Garden gate won't close properly? Four usual culprits

Martin Heap Cirencester Handyman

A garden gate has a hard life. Outside 24 hours a day, used ten times a day by dogs and postmen and kids, slammed once a week by the wind. It's the fitting on your property with the shortest expected life, and the one we all remember last.

Here's how to work out why yours isn't closing.

1. The post has leaned

Stand at the latch side and look up the gate. If the gate post is no longer vertical, everything else is downstream of that. Timber posts lean because the ground's moved or the post's rotted at ground level. Metal posts lean because the concrete base has cracked.

Quick check: grab the top of the post and push gently. If the whole post rocks at the base, the post is going, not just leaning. Time for a full replacement.

If the post is sound but leaning a few degrees because the soil's shifted, it's sometimes possible to straighten with postcrete and a temporary brace. Dig away the soil on one side, work the post upright, add postcrete to fill the hole, brace overnight, job done in a morning plus 24 hours.

2. The hinges have dropped

Look at the hinges. Three usual signs:

  • A hinge screw has come loose and is hanging half out of its hole
  • The gate has sagged so the latch side is lower than it used to be
  • The top hinge has torn a chunk out of the post

Each has a fix.

Loose screws: tighten.
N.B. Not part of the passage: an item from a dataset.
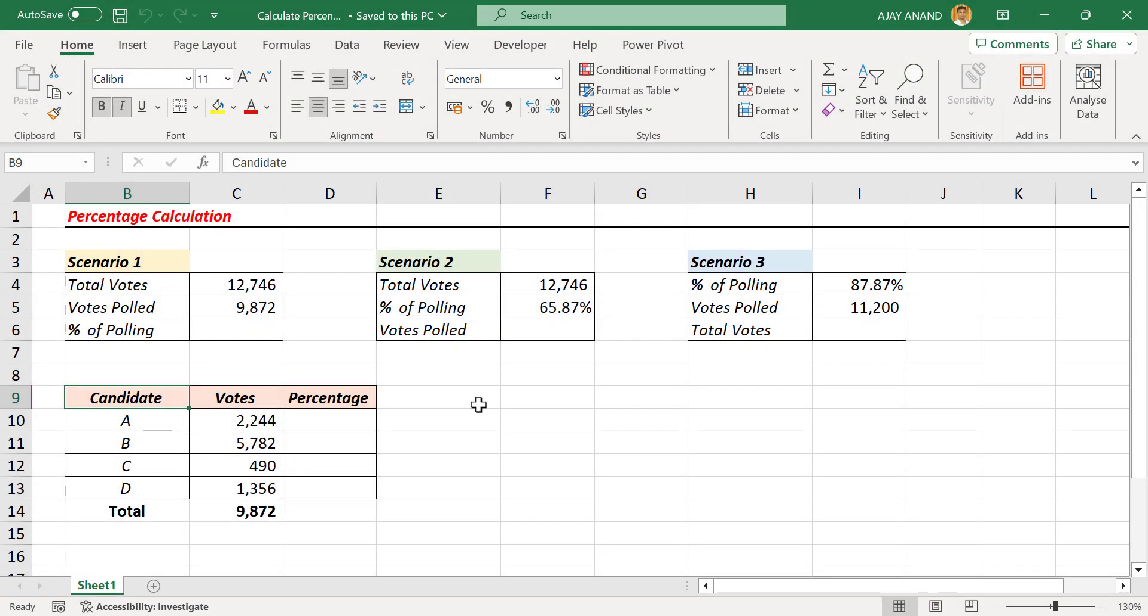In this video, we will see how to calculate percentage in Microsoft Excel. Let's take the example of an election. Here is the first scenario.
If the hole's stripped, matchsticks and wood glue to pack, let dry, redrill pilot, fit a slightly longer screw.

Sagged gate: the top hinge is usually doing most of the work. A gate brace (a diagonal wire with a tensioner that runs corner-to-corner across the gate, costs £15) pulls the latch corner back up. 20 minutes to fit.

Torn hinge pocket in the post: if the timber's still mostly sound, you can chisel out the damaged area and glue in a hardwood patch. If it's more than cosmetic, the hinge wants moving to a sound bit of post. Half a day.

3. The latch is misaligned

If the gate closes, but doesn't click, the latch is missing the keeper. Usually one of:

  • The keeper has moved. Post settled a few mm, keeper no longer lines up. Loosen the keeper screws, shift 2 or 3mm, refit.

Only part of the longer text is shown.